Karolina fixes a small smile on her face, managing an unadulterated expression of happy to see him without giving Brad the full benefit of her hopefulness. “Mister Russo,” she says pleasantly, as though greeting a long time friend and not sitting in jail. “Pleasure seeing you again.”
“Brad,” he corrects abruptly as his hands drift from his pockets. “Call me Brad.” She’s flashed another smile, this one somewhat more sheepish than the last, but the amusement continues to reflect in his eyes. He looks over his shoulder at the officer and shrugs his shoulders. Oddly, the officer leaves, prompting Brad to explain, “We served together. Military… “ his gaze turns upwards towards the top of her cell, “My career there didn’t last long though.” His hand rolls up to his tie which he adjusts, only to explain, “I like my head where it is.”
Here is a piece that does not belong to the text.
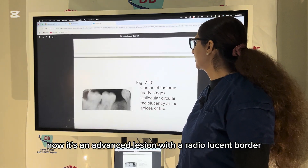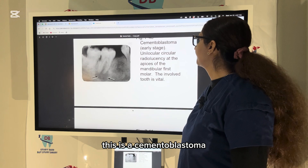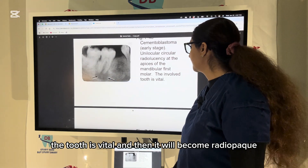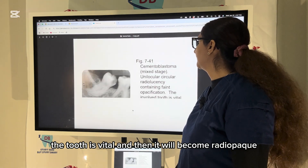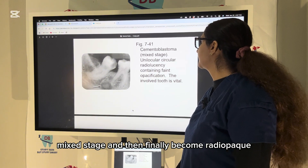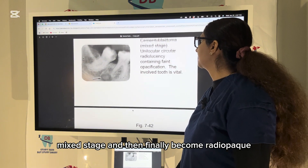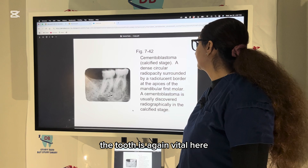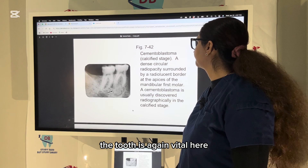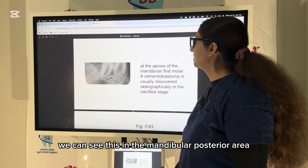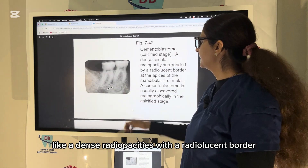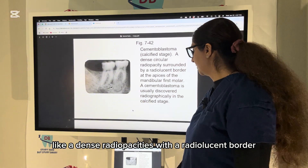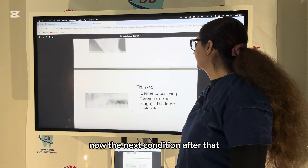This is cementoblastoma. In the starting stage you see radiolucency; the tooth is vital. Then it becomes a mixed radiopaque stage, and finally a calcified, radiopaque stage — the tooth is again vital. You can see this in the mandibular posterior area as a dense radiopacity with a radiolucent border.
There’s another twitch of a smile, forced away by his own stubbornness. “So..” he clears his throat as his eyes drift from one side of the cell to the other. “How you been, Lina?” His eyebrows arch upwards. He is, in many respects, the cat that just caught the canary.
“Brad,” Karolina repeats, slowly and much like tasting the word. Her brows go up at the explanation, truly she hadn’t seen the television host as the military sort. Too money made, self assured, lacking the clean cuttedness of anyone who’d served the country. But maybe that’s part of the mystery that first caught her attention.
His question, whether intended to or not, causes that wall Karolina first put up to crumble a little. She chuckles, a light and amused sound that could brighten the situation. “I’ve been good,” she answers, her smile warming, amusement evident in her own countenance. All things considered, it is an odd question to come about while she sits in a cell. “And yourself?”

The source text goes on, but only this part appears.